Segment Start: Data shown

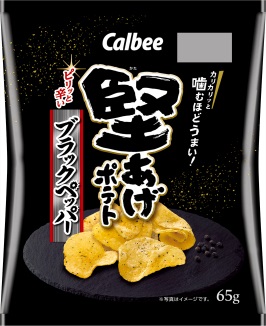 堅あげポテト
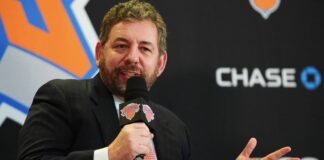NBA: James Dolan był znienawidzony przez kibiców Knicks. Dziś jest ich bohaterem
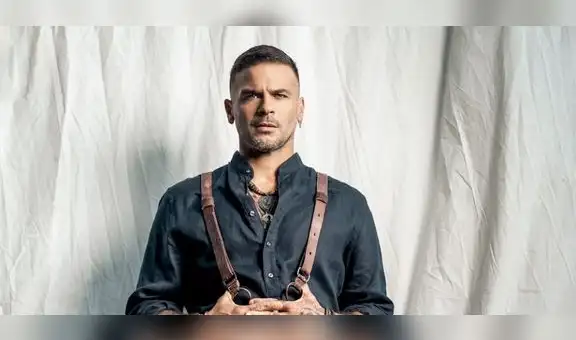 Pedro Capó: "No hay ser humano que esté de acuerdo con la injusticia hacia los latinos"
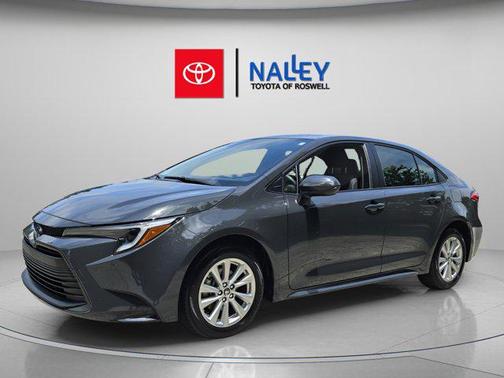 2024 Toyota Corolla Hybrid LE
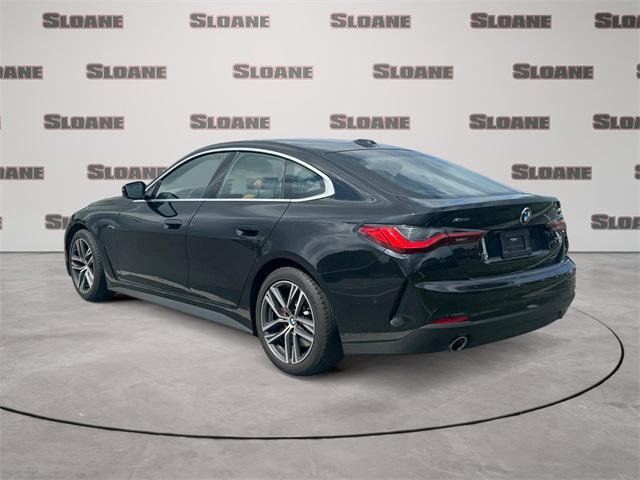 used 2023 BMW 430 Gran Coupe car, priced at $41,991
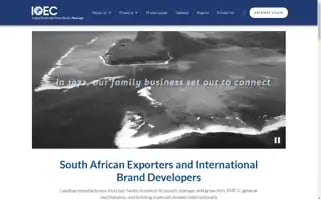 Ioec.co.za Screenshot 2024-07-05 02:48:24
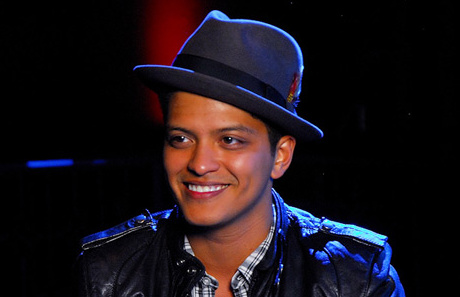 Bruno Mars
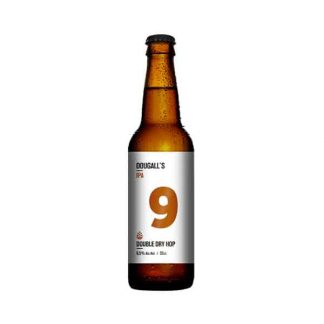 Cerveza DouGall's IPA 9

Segment End: Data shown

# [Task instructions]
Output the line that contains "hay ser humano" and every subsequent line through the end of the entries, exactly as given, without pictures.

# [Solution to this problem]
 Pedro Capó: "No hay ser humano que esté de acuerdo con la injusticia hacia los latinos"
 2024 Toyota Corolla Hybrid LE
 used 2023 BMW 430 Gran Coupe car, priced at $41,991
 Ioec.co.za Screenshot 2024-07-05 02:48:24
 Bruno Mars
 Cerveza DouGall's IPA 9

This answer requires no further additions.